The main question that we get asked is “Is it worth it?”.  People tend to put a price on the meal by saying it’s the most expensive meal per minute, which probably true.  But that is what sushi was originally all about.  It’s origins come from outdoor booths functioning as quick bites.  To go to Sukiyabashi Jiro is to experience the best in sushi while maintaining homage to the past.  This is not some swanky branded sushi joint like Rumblefish in LA.  On top of that, reservations to Sukiyabashi is extremely difficult to obtain.  Reservations are taken only 1 month in advanced through high-end local agents or select 5-star hotels.

The price, the meal for two was roughly $750.  Ironically, the full Kaiseki meal at 3 Michelin Star restaurant Hyotei was $1200, or Bo Innovation in Hong Kong, which was $1300 with wine pairing.  Which means price wise, shows that there are more expensive meals out there.  
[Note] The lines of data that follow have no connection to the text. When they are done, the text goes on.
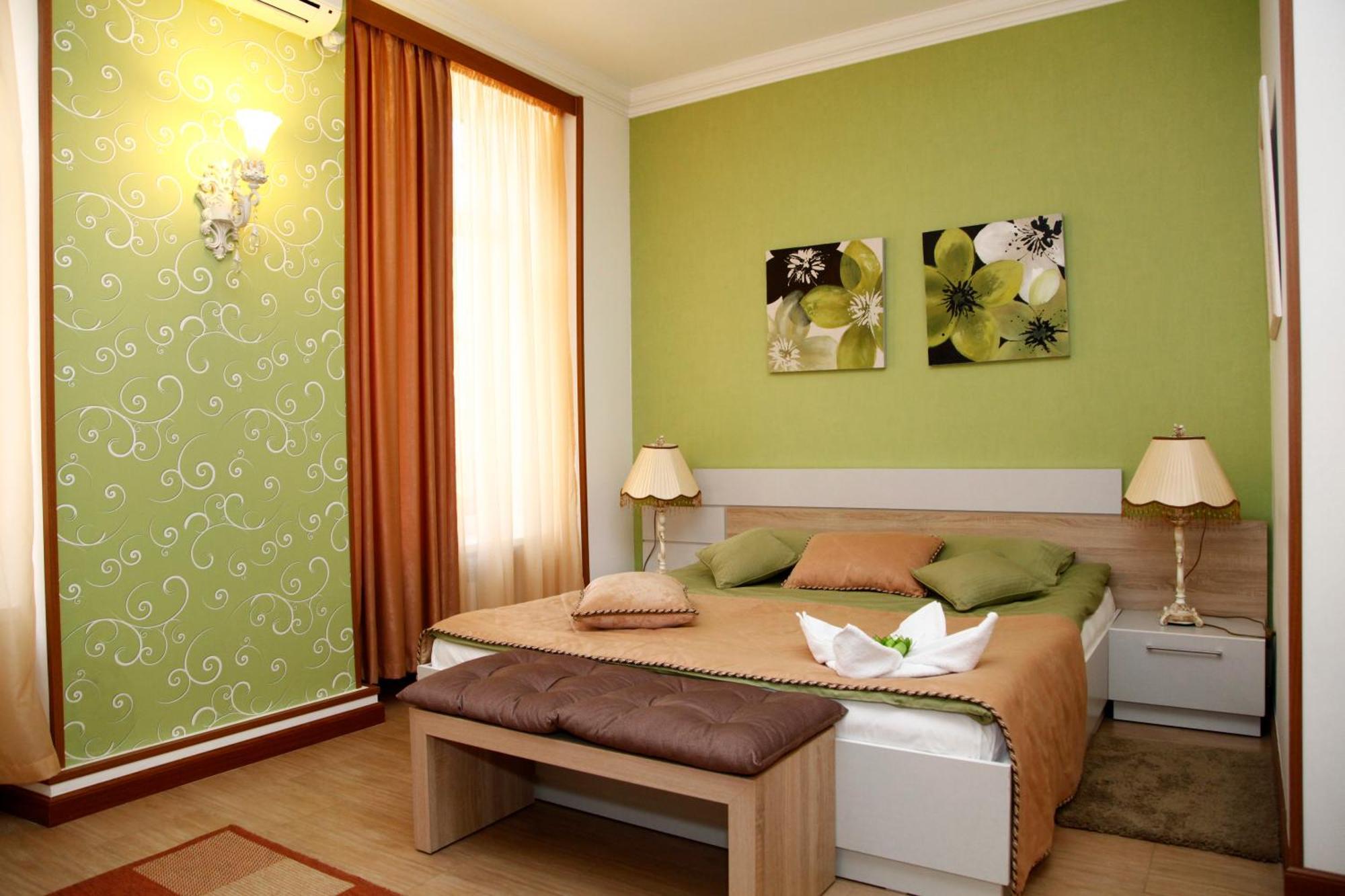 Azoyan Guest House Jerevan Rum bild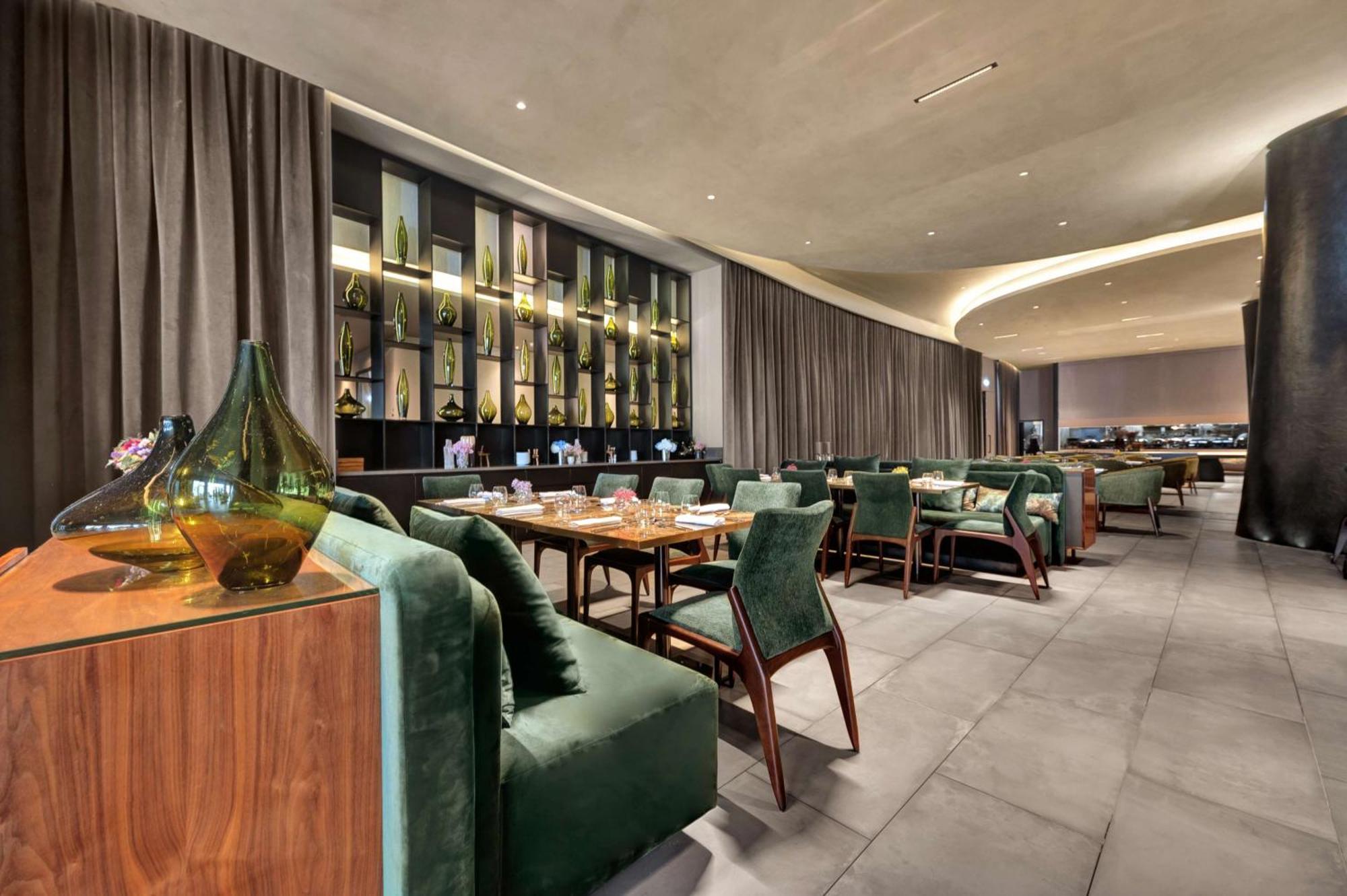 Hilton Porto Gaia Hotel Vila Nova de Gaia Exterior photo The restaurant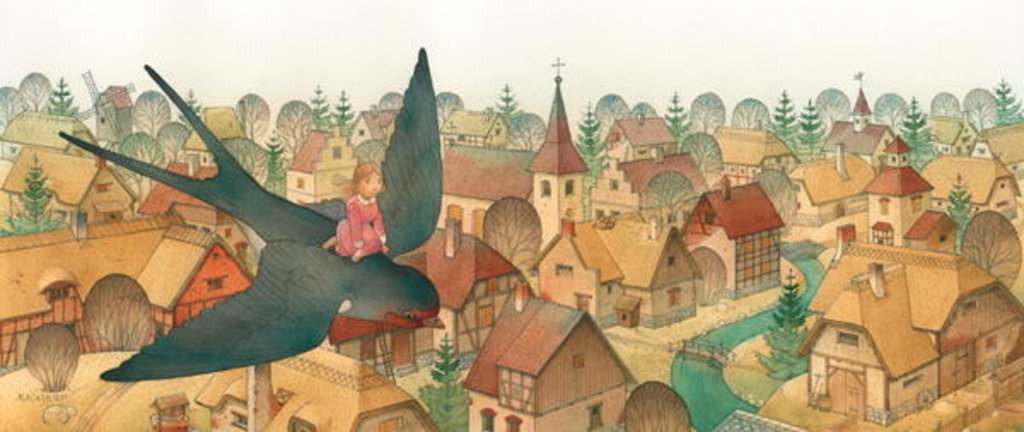 Detail of Thumbelina 04, 2005 by Kestutis Kasparavicius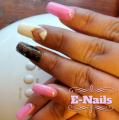 Uñas en Gel a domicilio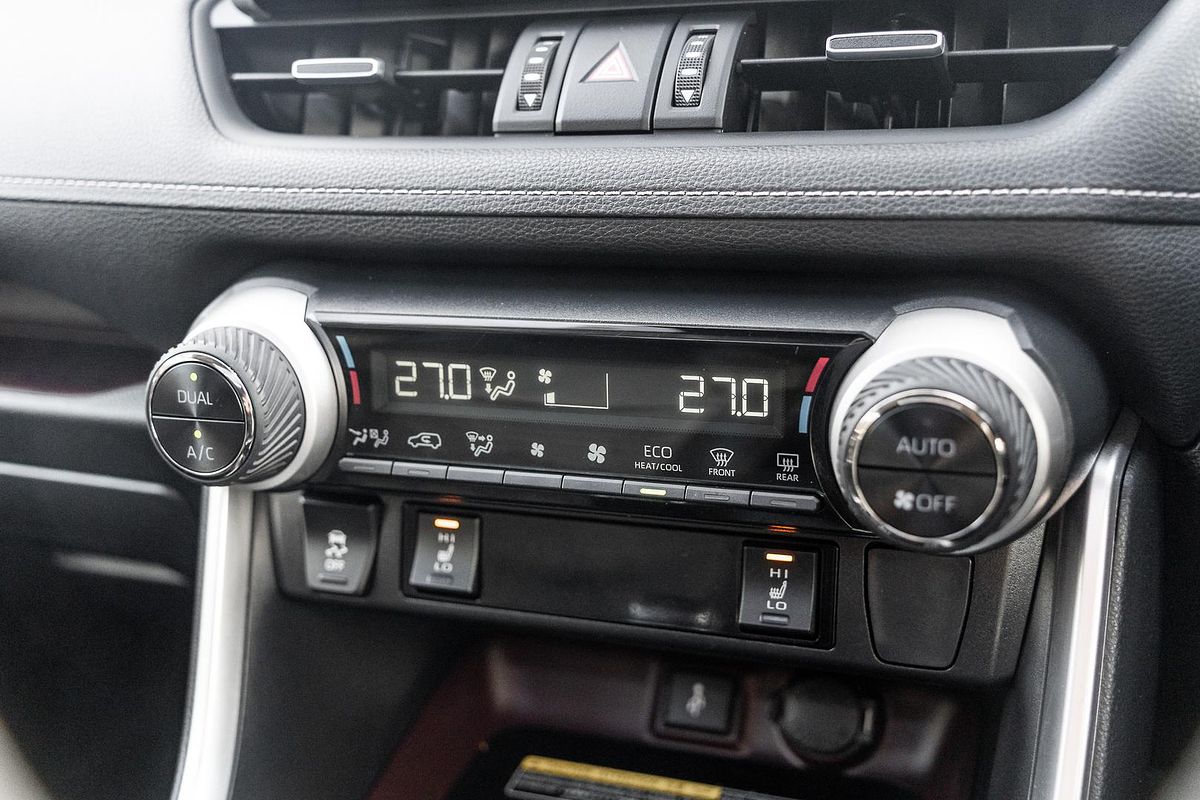 2021 Toyota RAV4 Cruiser MXAA52R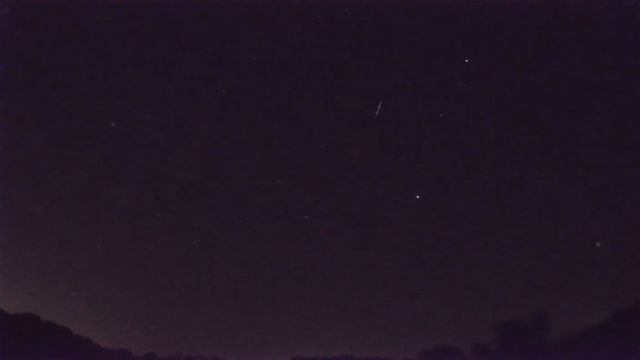 AMS206 meteor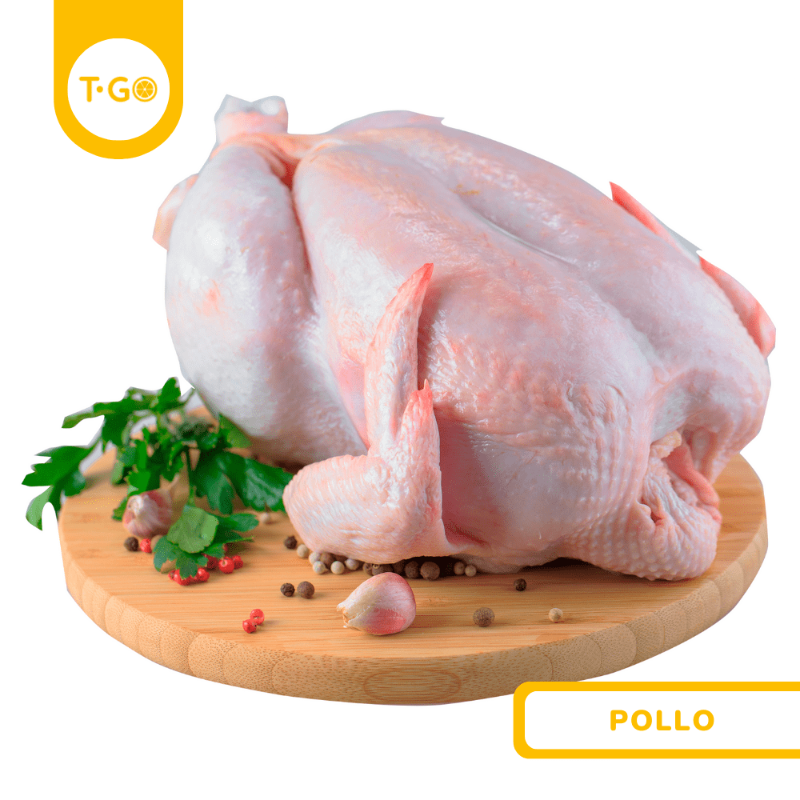Pollo Entero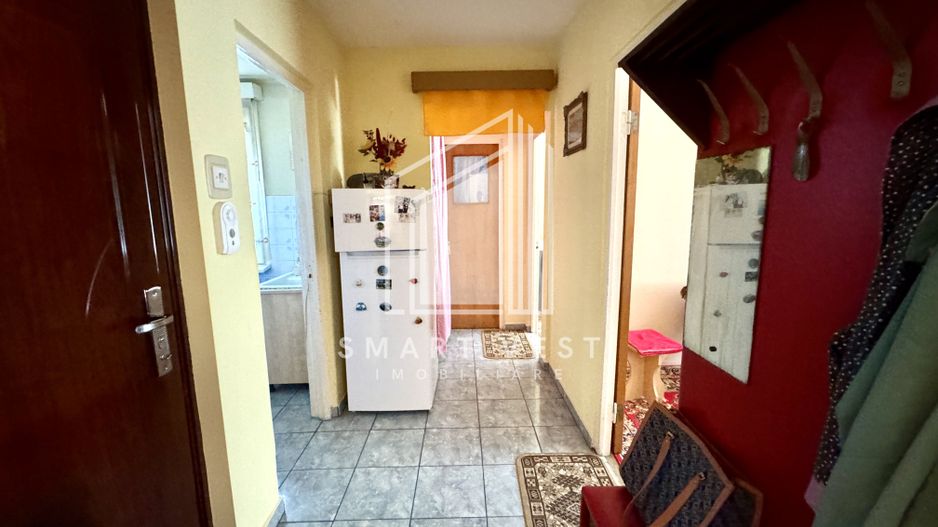 Apartament luminos, bine întreținut cu 3 camere, Carpați 1 - Poză 17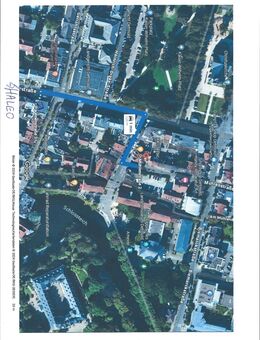 Grundstück im Gewerbe-mischgebiet zu verkaufen/vermieten/verpachten - Forst (Lausitz)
Every true sushi lover should try to eat at Sukiyabashi Jiro.  It was the first and longest standing sushi restaurant to receive 3 Michelin Stars.  But, don’t go just because it has 3 Michelin stars or else you will be another person complaining that it not worth it for just 20 minutes.

To be honest, the whole experience at a restaurant like Hyotei was a lot more memorable, and they offered fish at the same level of quality as Sukiyabashi Jiro.  For a truly unique Japanese experience, Team GTE recommends a complete traditional kaiseki meal.  

There is a lot of good sushi around the world these days, and it’s not like Sukiyabashi Jiro is head over heels better than your favorite sushi spot.  But if you are a true foodie, and appreciate the little details like perfectly formed rice, fish not served to you unless the slice is perfect, or the perfect tomago cut with exactly 90-degree edges, then as a connoisseur, Sukiyasbashi Jiro is for you.  Maybe Jiro or Yoshikazu will let you take a picture with them too.